The Baltimore Sun· Feb 27, 2016
READERS RESPOND
Taney was no champion of civil liberties
George Liebmann thinks former Supreme Court Chief Justice Roger B. Taney’s statue should remain on public display (“Taney deserves his tribute” Feb. 17).
Maybe it should, maybe it shouldn’t. But the arguments Mr. Liebmann puts forward make a very poor defense for his position.
Mr. Liebmann tells us that Dred Scott was not the sum total of Taney’s judicial achievement. Instead, he asks us to focus on Taney’s opinion in Ex parte Merryman (1861). But Merryman does not help Mr. Liebmann’s or Taney’s cause, and this is not surprising because very few commentators understand the case – including Mr. Liebmann.
In 1861, after Fort Sumter fell, the U.S. Army seized John Merryman, a Maryland citizen and state militia officer, and detained him at Fort McHenry in Baltimore. Merryman’s lawyers sought a writ of habeas corpus.
After a hearing, Taney determined that the Army had violated the Constitution by seizing and detaining Merryman absent due process. Taney offered much flowing language – the sort that endears him to do-gooders and starry-eyed civil libertarians.
But that is all Taney did: He offered pieties in a judicial opinion. The reality is that Taney did not grant Merryman habeas corpus. In other words, Taney did not order the Army, or the commander at Fort McHenry, or the president or anyone else to release Merryman.
It’s possible the Army would not have obeyed such an order from the court in any case. But we will never know because Taney never issued one.
This reading of Merryman is not my idiosyncratic reading; rather, it is the position of several prominent modern commentators, including: Brian McGinty (2011); Bruce A. Ragsdale (2007); and Jack Stark (2002).
Likewise, during the Civil War itself, several courts refused to order the Army to release civilians detained by federal troops absent traditional due process.

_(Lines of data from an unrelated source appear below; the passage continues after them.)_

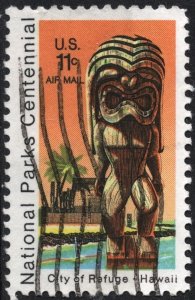 SC#C84 11¢ National Parks: City of Refuge, Hawaii Single (1972) Used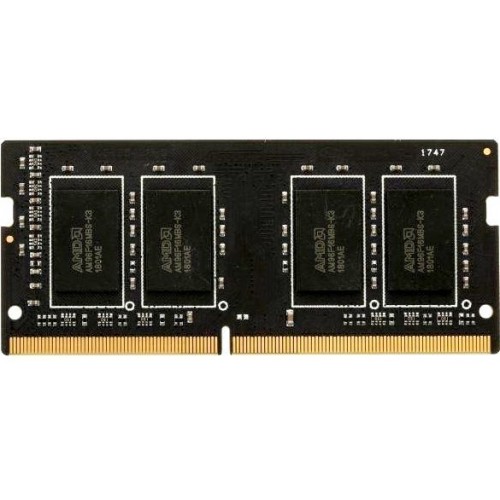 Память DDR4 8Gb 2666MHz AMD R748G2606S2S-UO OEM PC4-21300 CL16 SO-DIMM 260-pin 1.2В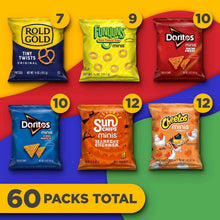 Variety pack mini chip bags, 60-count assorted flavors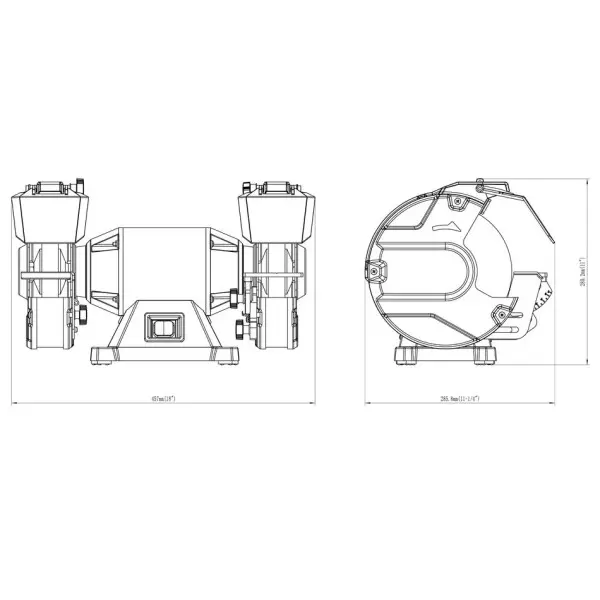 Точило Metabo DS 200 Plus диск 200мм 600Вт 2980 об/мин LED (604200000) - фото №1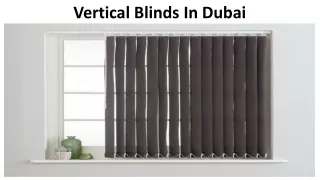 vertical blinds in dubai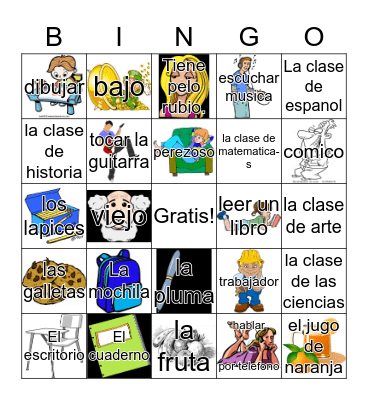 SI Final Exam Review BINGO Card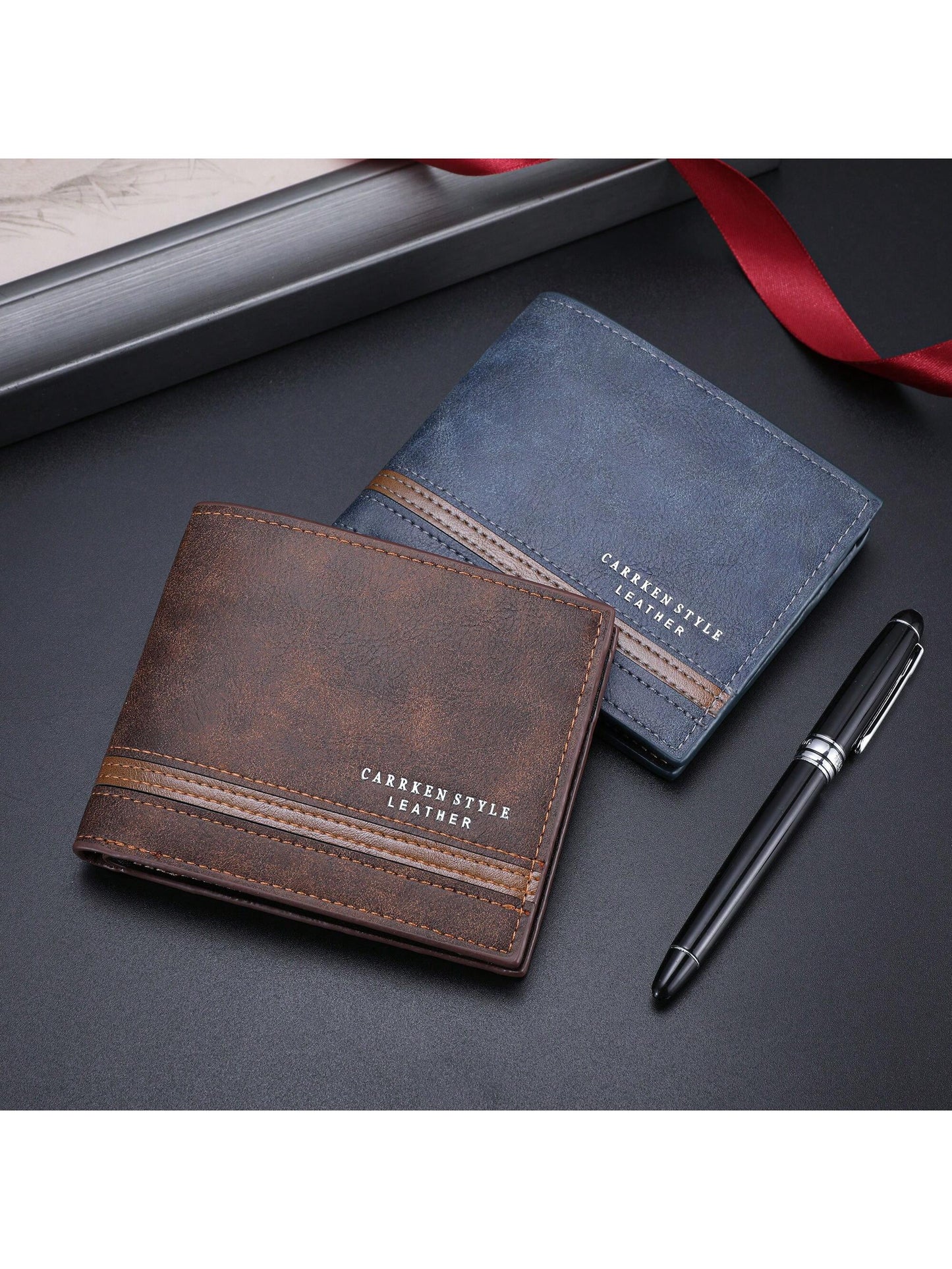 1pc Stylish Men's Multi-Card Slots Compact Casual Leather Wallet, Modern Design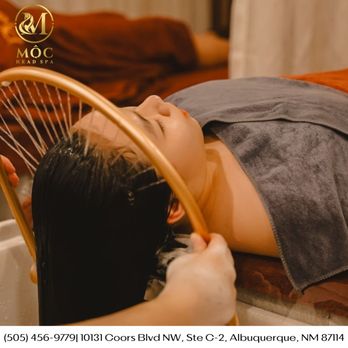 Moc Head Spa - Your mind deserves a break. Experience the ultimate relaxation with our Head Spa treatment. Let go of stress and feel rejuvenated! - Hair Salons Near Me - Albuquerque, New Mexico Moc Head Spa - Your mind deserves a break. Experience the ultimate relaxation with our Head Spa treatment. Let go of stress and feel rejuvenated! - Hair Salons Near Me - Albuquerque, New Mexico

For example, Judge Betts, for the United States District Court for the Southern District of New York (1861), and Chief Justice Dixon, for the Supreme Court of Wisconsin (1863), offered detained Americans only civil-libertarian pieties in gracefully written opinions, but these judges granted detainees no actual concrete relief. None. Moreover, in order to justify their inaction, Betts and Dixon relied upon Taney’s Merryman opinion! In short, Merryman was a precedent for leaving those detained by the Army in jail; it was not grounds for any relief.
The bottom line is that those who value civil liberties during wartime will find nothing of substance in Ex parte Merry-man. Taney lived a long life and held a variety of state and federal offices. Perhaps he is deserving of a statue, and perhaps that statue deserves a public venue. Perhaps. But it is difficult to see how Ex parte Merryman makes that case.
Seth Barrett Tillman, County Kildare, Ireland
The writer is an American national who teaches in the Maynooth University Department of Law.